Вечером Захар заехал к Артисту. Сейчас Артист жил с Олей, бывшей лёшиной женой (все артистовы девушки были Олями, эта уже третья). Вспомнили, что их дружбе тоже двенадцать лет.

— Под знаком Юпитера. Прошел цикл. Теперь мы как бы знакомимся заново.

— Ну, это ты слишком серьезно загнул! — отшутился Захар. Ему показалось, что Артист глобализировал в угоду своей астрологической шизе — хотя они и вправду не виделись несколько лет.

Оля сидела за столом рядом с Артистом, совершенно спокойно, словно так оно всегда и было, хотя за много лет Захар привык видеть рядом с ней совсем другого человека. Может быть, он усложняет? В конце концов, Лёша не умер. Вот и он мог бы так же (как Лёша или как Артист). Но верилось с трудом.

Артист рассказал про дом, который строил один в деревне, придумывая какие-то блоки, чтобы поднимать на высоту бревна. Включил музыку, которую недавно записал. Она напоминала ранний “Grateful Dead” и была очень недурна, хоть и не для этого мира и времени. Но это было нормально и в порядке вещей.

Наконец Артист принес грибы.

Захар проглотил горсть, и они продолжили болтать. Захар походя вспомнил, что Оля упрекала Лёшу за наркотики. Конечно, в жизни не все так просто.

Грибы подействовали только дома, куда он вернулся на моторе ночью. В темной комнате кайф аранжировал предметы и тени, создавал из них интереснейшие картины и бесовские рожи, соединяя в одной плоскости то, что реально находилось на расстоянии и в перспективе.

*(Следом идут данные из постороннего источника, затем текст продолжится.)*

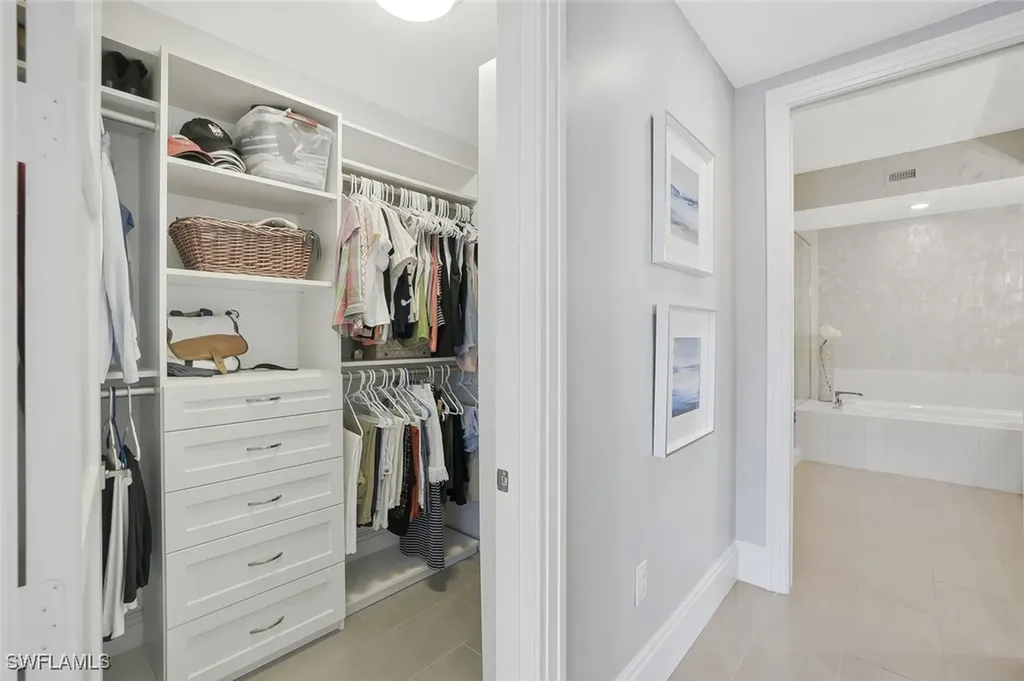 1035 3rd Avenue S Naples FL 34102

Но вот с Оксаной — действительно второе рождение любви. Второй брак или роман. Роман с собственной женой. С трепетом и ревностью. С отметанием всех посторонних мыслей, планов и увлечений.

С журналистикой было покончено в любом случае. Дурацкое занятие, суесловное, пустое. Занятие наивных, несерьезных, околокультурных людей. Не способных по-настоящему творить или преодолевать соблазн легкого и звонкого существования (в редакциях, на людях, презентациях, со сплетнями, пьянством, быстрой “славой”)… Стал тяжелым, очень тяжелым. Другие были ему не интересны. Совсем не хотел ни с кем говорить о “высоком”, о литературе (как с зашедшим Тростниковым — чувствовал, что впустую, по инерции — и ни к чему). Мира нет и не складывался. Может быть, — хорошо. Никогда еще он так не жил: вне кокона, желаний, иллюзий, тщеславия, беготни. Долго так, наверное, нельзя, но и нового кокона он не хотел. Новых привычек, новой скуки, новых “дел”. Ему надо было разобраться с собой. С ней. Со своей жизнью. Что-то окончательно в ней понять. Иначе все дела — пустое. Тем более творческие. Или не надо никакого творчества? Это тоже надо понять.